1. As a general rule socialists do not want to see countries broken up into small nation-states. Ours is the revolutionary call for humanity to shed the flag-waving, imagined community of the nation-state.

2. Socialists are the most consistent internationalists and unreservedly denounce any tactical pandering to, let alone attempts to exacerbate, national tensions.

3. Socialists want a positive solution to the national question in the interests of the working class: that is, the merging of nations. That can only be achieved through democracy and the right of all to fully develop their own culture.

4. Where national questions exist, Left Unity will fight to secure the right of nations to self-determination. Historically constituted peoples should be able to freely decide their own destiny. They can separate if they so wish. Thereby they can also elect to come together or stay together with others.
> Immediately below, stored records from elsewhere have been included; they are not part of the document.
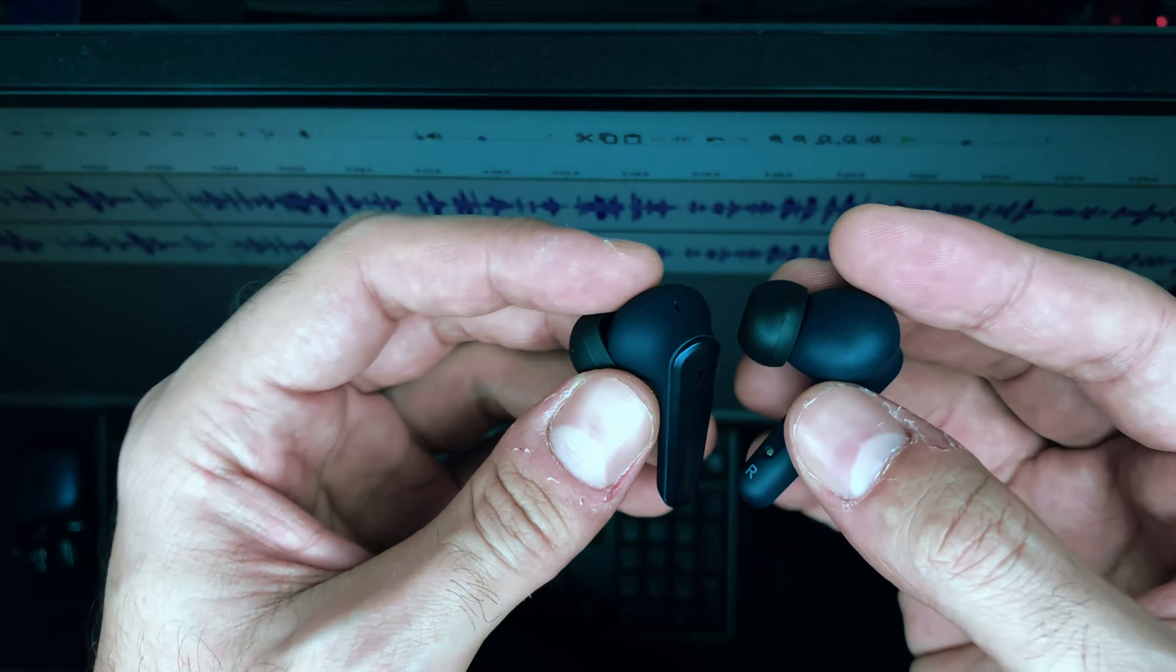Battery life on the earphones is around six to seven hours and then you get a total of 26 hours with the case. So when you need to charge them you just drop them in the case, you get another six to seven hours of juice back and forth for a total of 26 hours.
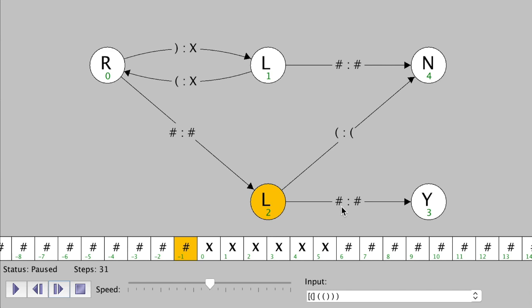One more time — now we see a blank spot. This arrow says if you see a blank, replace it with a blank and end on yes. There it is, and it halted on an accept state. So what was that Turing machine designed to do? Basically it was just checking to see whether every opening parenthesis was balanced with a closing parenthesis. That's the end of this example. Thank you for watching.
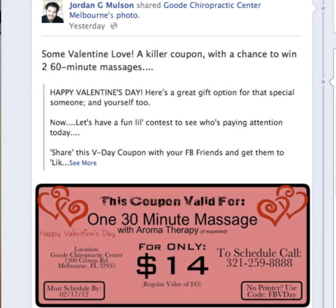Hi there, this is Jordan with HometownDomination.com and in this video I'm going to show you a simple little thing on Facebook. I'm going to show you how to change the status of your posts on Facebook to share them either publicly or with a certain list that you've created within your Facebook friends. Specifically I want to show you how to make any kind of post that you share on your Facebook wall or your Facebook timeline public so that anybody and everybody can see it.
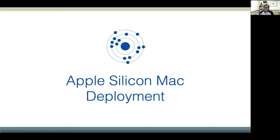Beyond losing ASR and NetBoot, we were also thrown the T2 and now Apple Silicon Macs to deploy. MDS now supports basically the same workflow from the admin's perspective for deploying Apple Silicon as it did for Intel Macs. Deployments are a little faster with the M1 since the installer runs quicker, and the workflow setup is unchanged — though underneath, things are different.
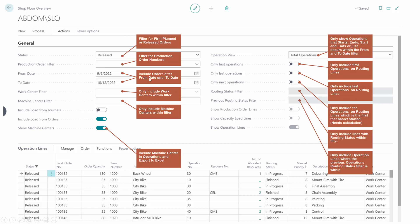All the other filtering includes which status on production orders, which specific production orders you're filtering on in the production order filter, the from and to date. The from and to date also relates quite a lot to the first, last, next operation thing and operation view.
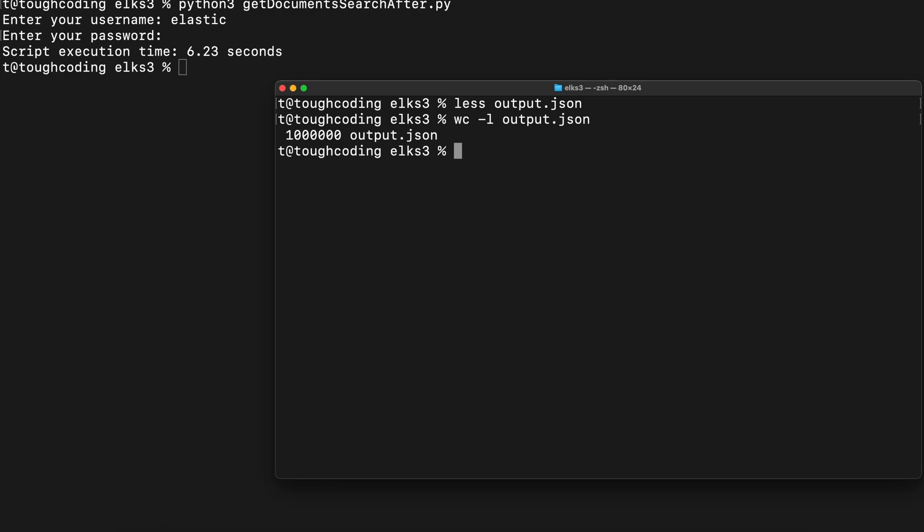So in this small tutorial you have learned how to download the documents by using a simple script using the search after API request in Elasticsearch. Bye.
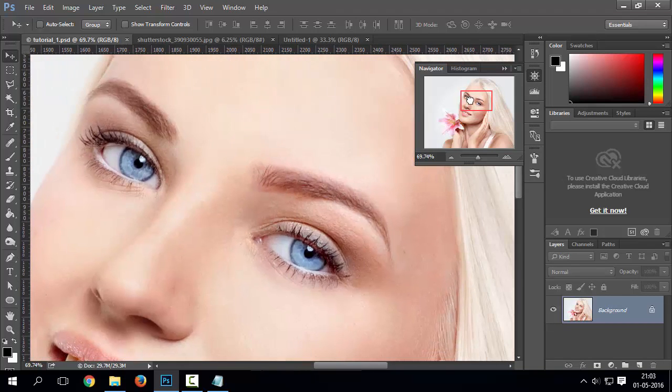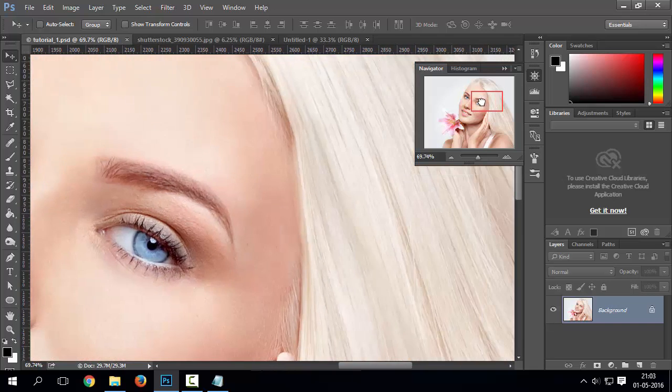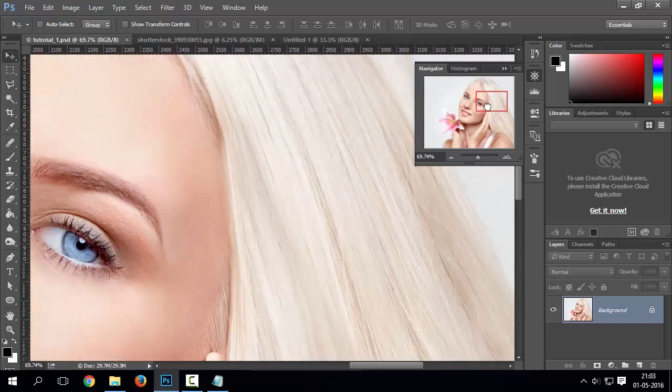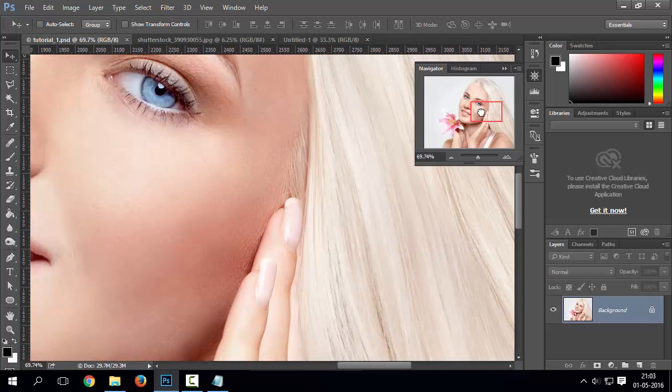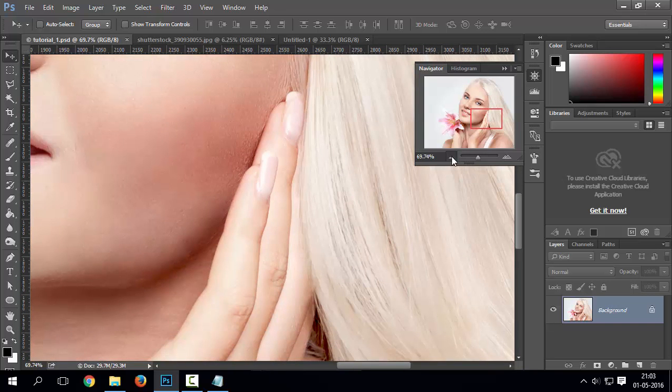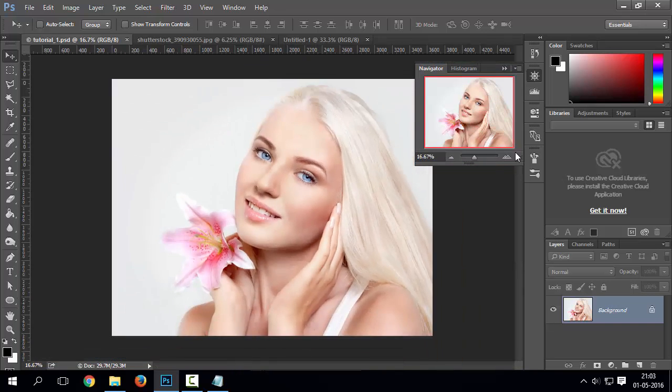Area in red rectangle shows visible zoomed area of document. You can also zoom in and zoom out from navigator.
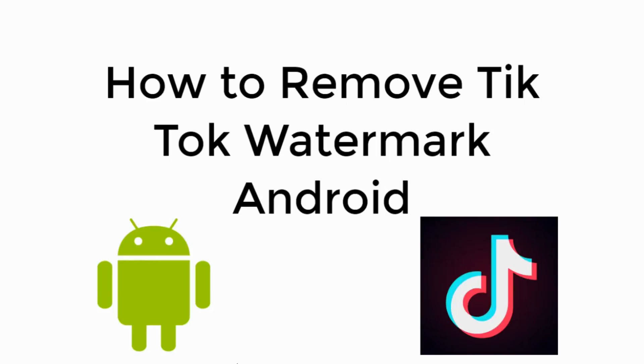In this video we will learn how to remove TikTok watermark on Android. So let's begin.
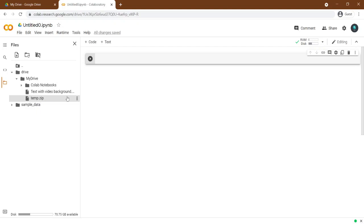Ok let's start with Python. Type here, from zipfile import zipfile.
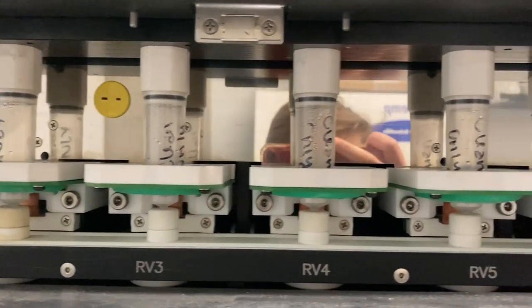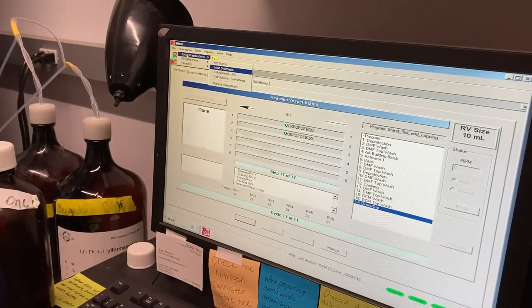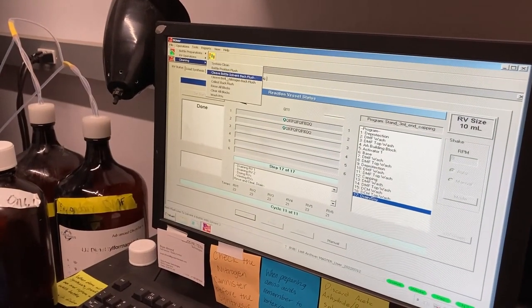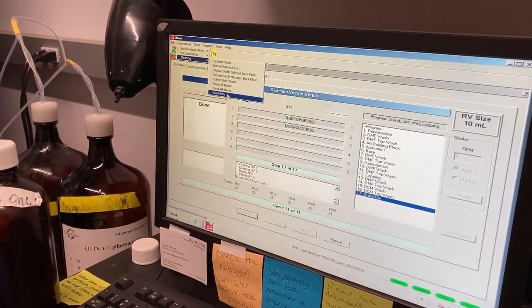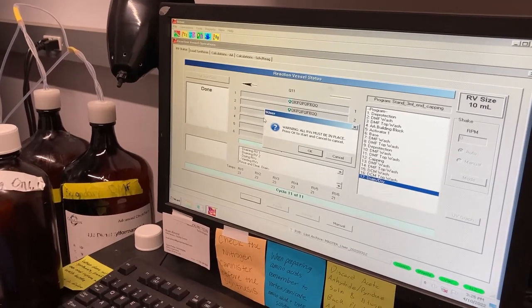Under the operations tab, under cleaning, select wash RVs. This runs DCM through the RV lines to flush out any residual reagents.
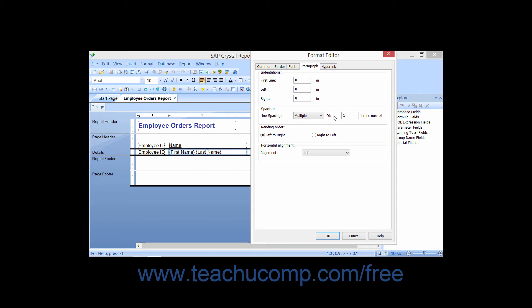Then in the Of text box, you can enter the multiple by which you want to set line spacing if you selected Multiple, or enter the number of points to use between each line if you selected Exact.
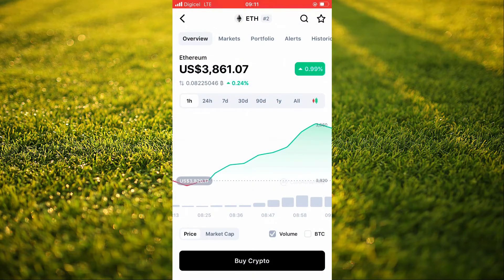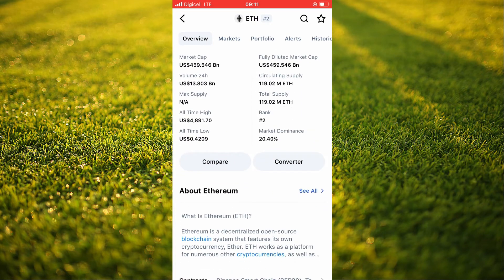After you have gone into CoinMarketCap, you're going to search for Ethereum. Then you're going to scroll down and right where you see Contracts, you're going to tap on that.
5. The British nation evolved from the gradual bonding of the English, Welsh and Scottish. Drawn together over centuries by common political and economic experience, they now in the main possess a common language, culture and psychology.

6. The birth of the British nation was a progressive development objectively. Nevertheless, because it was carried out under the aegis of a brutal absolutism it was accompanied by countless acts of violence and discrimination.

7. As post-boom British imperialism was forced to turn inwards, and in the absence of a viable proletarian alternative, resistance in Scotland and Wales often took a national form. A mythologised past was deployed by nationalists, opportunists and Labourites alike to serve their nefarious purposes.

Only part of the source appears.